AİLENİZ DESTEK OLDU MU SİZE?

İki kardeşiz benden iki yaş küçük bir erkek kardeşim var. Babamı 11 yaşındayken kaybettim.(Gözleri doluyor….) Yani babam çok erken kaybetmiştim… Kararlı ve yapmak istediğinde direnen bir genç olduğum için annem karşı çıkmadı oyunculuğuma  hep destek oldu.

YEŞİLÇAM OYUNCULARINI NEDEN DİZİLERDE GÖREMİYORUZ BUNUN NEDENİ NE SİZCE?
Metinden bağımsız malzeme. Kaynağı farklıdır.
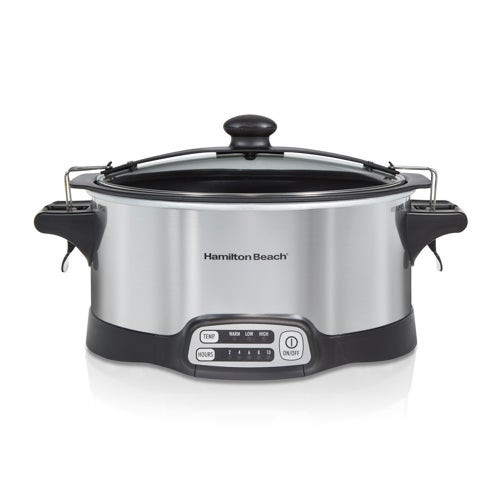 6qt Stay or Go Sear & Cook Programmable Slow Cooker Silver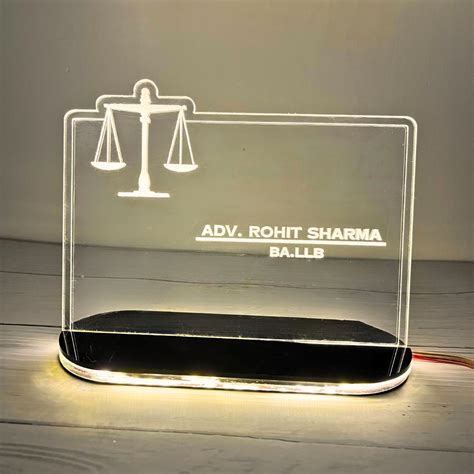 Personalized Hologram Lamp - Gift for Advocate – Zesta Neon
Evet bu durum gerçekten çok üzücü… Filmleriyle bir döneme damgasını vurmuş çok değerli isimler var. Bu isimlerin oynatılmaması acı. Yönetmenler ve yapımcılar tanımıyor mu acaba demekten başka söz bulamıyorum. Onların tanımadığı bu isimlerin hala filmleri büyük keyif ile izleniyor. Çünkü bizler işimizi sevgiyle yapıyorduk. Sanata aşıktık. Bunu filmlerimize de yansıtıyorduk. İzleyici bizi ailelerinden biri olarak görüyordu. Bizler sete büyük bir istekle giderdik. Setten sonra da bir araya toplanır, dertleşir, eğlenirdik. Yani bir aile gibiydik. Keşke o günler.

KARTAL TİBET YAĞMURUN ALTINDA BİR SAAT BEKLEDİ

HİÇ UNUTAMADIĞINIZ BİR ANINIZI BİZİMLE PAYLAŞMAK İSTER MİSİNİZ?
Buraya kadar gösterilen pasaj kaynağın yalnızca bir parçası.